Ashford is one of the fastest-growing towns in Kent, and the shape of that growth is what makes stump grinding here so varied. On one side we have new-build estates spreading out around Repton Park, Park Farm, and Kingsnorth, where the trees are young silver birch and ornamental cherries planted in the last twenty years. On the other side sit the older streets around Victoria Park and the rural fringes toward Great Chart and Hothfield, where mature oak, horse chestnut, and ash dominate gardens that were established long before the M20 arrived. The countryside that wraps the town is the bigger story: it carries one of the heaviest ash populations in southern Kent, and ash dieback is now driving steady felling — and steady stump grinding — across the whole borough.
How much does stump grinding cost in Ashford?
Stump grinding in Ashford typically costs between £100 and £300 per stump, with most single residential jobs landing around £150. Pricing works out at roughly £2 to £3 per inch of stump diameter measured at ground level, with a minimum call-out charge of £80 to £150.
Wood type moves the figure more than anything else. Oak and beech are the slowest species we grind, and the older gardens near Victoria Park and the Bybrook estate are full of them. A 24-inch oak stump in a mature plot takes longer than a 24-inch silver birch in a Park Farm garden, and the quote reflects that on the day.
If you have more than one stump, the second and subsequent stumps are usually around 35% cheaper, because we are already on site with the machine running. Difficult access — narrow side gates on new-builds or soft turf in country gardens — can add 15 to 35% to the price. Quotes are free and no obligation, and the figure we give you is the figure you pay.
For Ashford specifically, two patterns push prices in opposite directions.
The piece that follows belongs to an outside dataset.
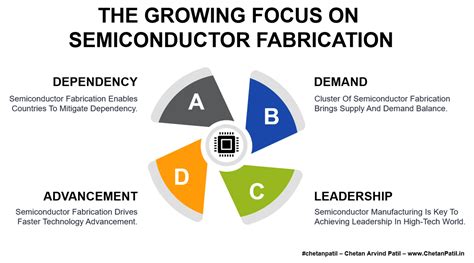 The Growing Focus On Semiconductor Fabrication – #chetanpatil – Chetan ...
New-build estates often have neat 1m side accesses and small stumps, which keeps jobs at the lower end around £100 to £150. Rural plots toward Hothfield and Bethersden, with larger species and longer machine walks across paddocks or orchard ground, tend to sit at £180 to £280. Either way, we send a written, fixed-price quote before we touch the ground.
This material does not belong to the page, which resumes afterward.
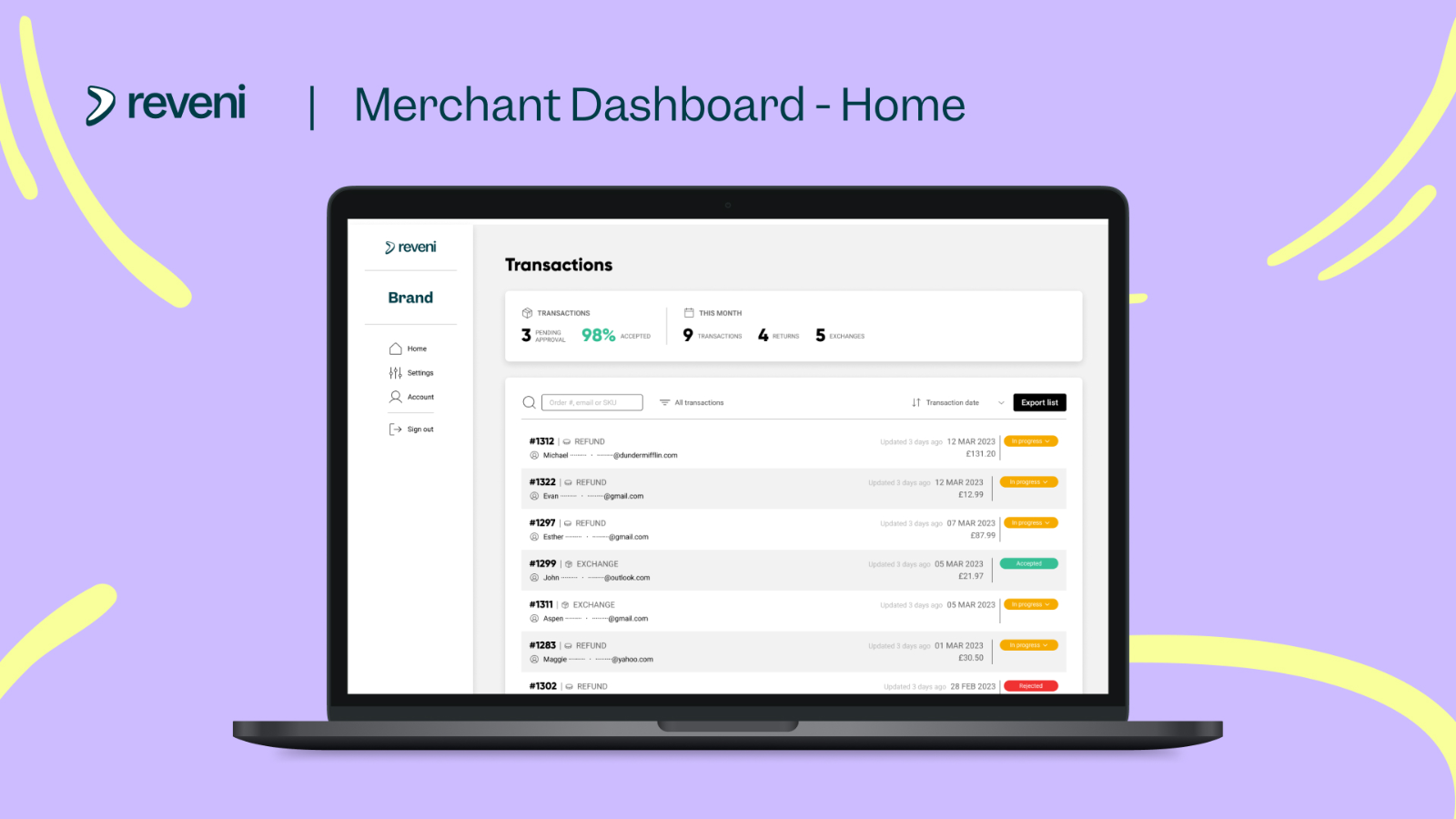 Manage all returns and exchange request from the dashboard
What does the stump grinding process involve?
Stump grinding uses a machine fitted with a rotating cutting disc and carbide-tipped teeth that chip the wood away into small chips and sawdust. We grind 150 to 300mm below ground level, which removes the stump itself and the top of the root crown. The roots beneath are left to decay naturally underground.
The work runs in a clear order. First we assess the stump, checking diameter, species, surrounding ground, and any underground services nearby. Then we set up a safety zone with screens or boards, lay ground protection across lawns or paving, and start the grinder.
Once the stump is reduced to chips, we either backfill the hole with the chips themselves — useful as a slow-release mulch — or bag them and take them away. The area is left swept clean and ready for turf, planting, or a patio. A small ornamental stump in a Repton Park garden can be finished in 15 minutes. A large rural oak near Hothfield can take two hours.
How long does stump grinding take?
Most residential stumps are ground in 15 to 60 minutes per stump. Hardwood like oak takes up to 2 hours; softer wood like silver birch, ash, or pine is faster. A typical Ashford garden job with one stump takes under an hour including setup and cleanup.
If you have several stumps, the total scales linearly: three medium stumps is roughly two and a half hours with a single setup. Rural jobs around Great Chart or Hothfield with multiple ash stumps from a single felling day are common, and we batch them into one visit. There is more detail on durations by stump size in our stump grinding time guide.
Why shouldn't you leave a tree stump in the ground?
Three main reasons: tree stumps are trip hazards on lawns and near paths, they attract pests and fungi (honey fungus, wood-boring beetles, wasp nests), and species like sycamore and ash regrow vigorously from a cut stump. Oak roots in the shrinkable clay south of Ashford can also drive subsidence claims if left near house foundations. Read the full answer on why remove a tree stump.
Is ash dieback common in Ashford?
Yes. Ash dieback (Chalara fraxinea) is killing 80%+ of UK ash trees, and the countryside around Ashford has been heavily affected. Stump grinding demand has risen sharply over the last 5 years, especially on field-edge and roadside ash being felled by landowners and Kent County Council contractors.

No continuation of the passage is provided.